I knocked, and the door opened. What I could see through it was an improbable and intimidating ridge, long and steep looking. Thats 3rd class? I wondered. Shit. All you can do is try.
I assessed what was ahead of me, picked a line, turned up my music, then stepped through that door. The going on the lower portion of the ridge was great. Cruiser 3rd class with just enough exposure on either side to keep me honest. Once past the lower portion I came to the stunning "Knife Edge" that is one of the most beautiful features of the route. I looked off to either side, took a breath, then tiptoed my way along the tip of the ridge. Like a walking a tight rope, I took it slow, and steady. Once on the other side I looked back and laughed, took a photo, then proceeded upwards.
| The Knife Edge |
From the knife edge the terrain mellowed out and I cruised upwards past the orange colored sub peak and on to an exposed 5th class ridge that had an improbably placed boulder directly on top of it. Here I assessed what was ahead and decided that I would take the trail runners off and put on rock shoes. I began to feel nervous here, the exposure, the complexity of what laid ahead and the fact that I had so much to go all started to intrude my thoughts. Then as I was tying up my laces the song I was listening to ended and and new one started.

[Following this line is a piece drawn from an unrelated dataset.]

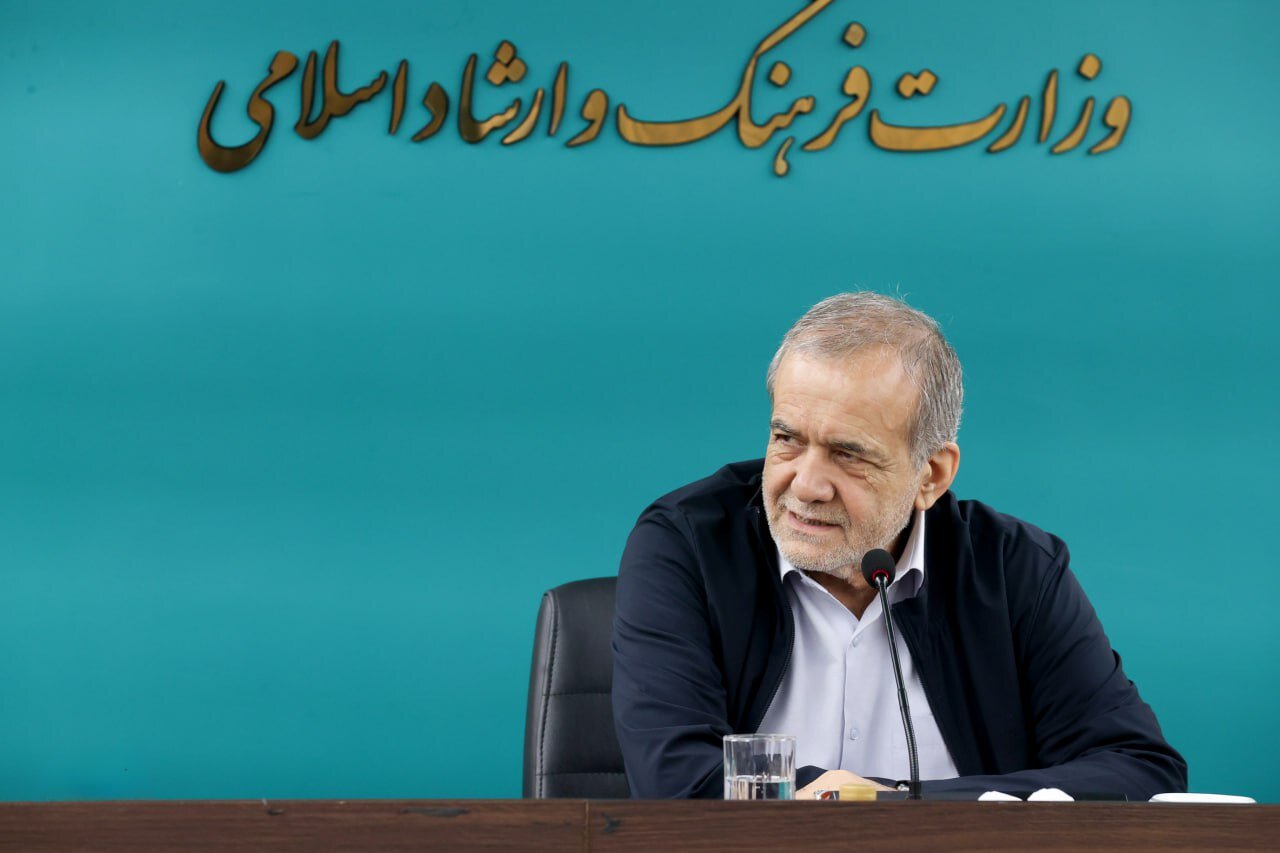 رئیس جمهور به وزارت ارشاد رفت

The opening guitar riff was loud in my ear and I knew the song from the first note. This sparked excitement in me. All right, I said. Here we go. I began traversing along and down the exposed ridge, one foot, one breath after the other.
"I don't like no one, well, except for you. You're my only friend, you don't even like me. Your My only friend, you don't even like me." My Pal, by GOD.
These lyrics carried me down the rest of the exposed ridge and all the way to the 5.7 down climb, where I found a rap station and set up a rappel. It was short and sweet and brought me to a little alcove in the ridge where I began questing up again. Climbing up and over another little sup peak feature and and then going down again until I landed at another rappel station.
| The first rap |
This second rap brought me to the mouth of the descent gully. All morning I had been telling my self that I just needed to get to the descent gully because from there I could bail if I wanted to. So I stood there for a minute, pondering. From here was where things were going to get more exciting, more serious. All you can do is try. I told myself.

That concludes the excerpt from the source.